TASK MATERIAL -

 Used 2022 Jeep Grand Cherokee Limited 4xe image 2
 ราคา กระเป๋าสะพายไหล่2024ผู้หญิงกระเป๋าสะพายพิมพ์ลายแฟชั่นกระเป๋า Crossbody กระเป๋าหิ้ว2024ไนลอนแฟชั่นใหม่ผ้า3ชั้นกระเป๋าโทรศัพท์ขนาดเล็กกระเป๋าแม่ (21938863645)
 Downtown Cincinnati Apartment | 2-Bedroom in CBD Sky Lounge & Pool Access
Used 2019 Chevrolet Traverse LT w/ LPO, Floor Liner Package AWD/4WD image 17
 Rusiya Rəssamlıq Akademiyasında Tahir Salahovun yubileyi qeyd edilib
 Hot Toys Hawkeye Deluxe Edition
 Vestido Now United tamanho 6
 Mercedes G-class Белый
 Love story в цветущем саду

WHAT YOU SHOULD DO -
Word for word, write out the entries above again.

FINAL ANSWER -
 Used 2022 Jeep Grand Cherokee Limited 4xe image 2
 ราคา กระเป๋าสะพายไหล่2024ผู้หญิงกระเป๋าสะพายพิมพ์ลายแฟชั่นกระเป๋า Crossbody กระเป๋าหิ้ว2024ไนลอนแฟชั่นใหม่ผ้า3ชั้นกระเป๋าโทรศัพท์ขนาดเล็กกระเป๋าแม่ (21938863645)
 Downtown Cincinnati Apartment | 2-Bedroom in CBD Sky Lounge & Pool Access
Used 2019 Chevrolet Traverse LT w/ LPO, Floor Liner Package AWD/4WD image 17
 Rusiya Rəssamlıq Akademiyasında Tahir Salahovun yubileyi qeyd edilib
 Hot Toys Hawkeye Deluxe Edition
 Vestido Now United tamanho 6
 Mercedes G-class Белый
 Love story в цветущем саду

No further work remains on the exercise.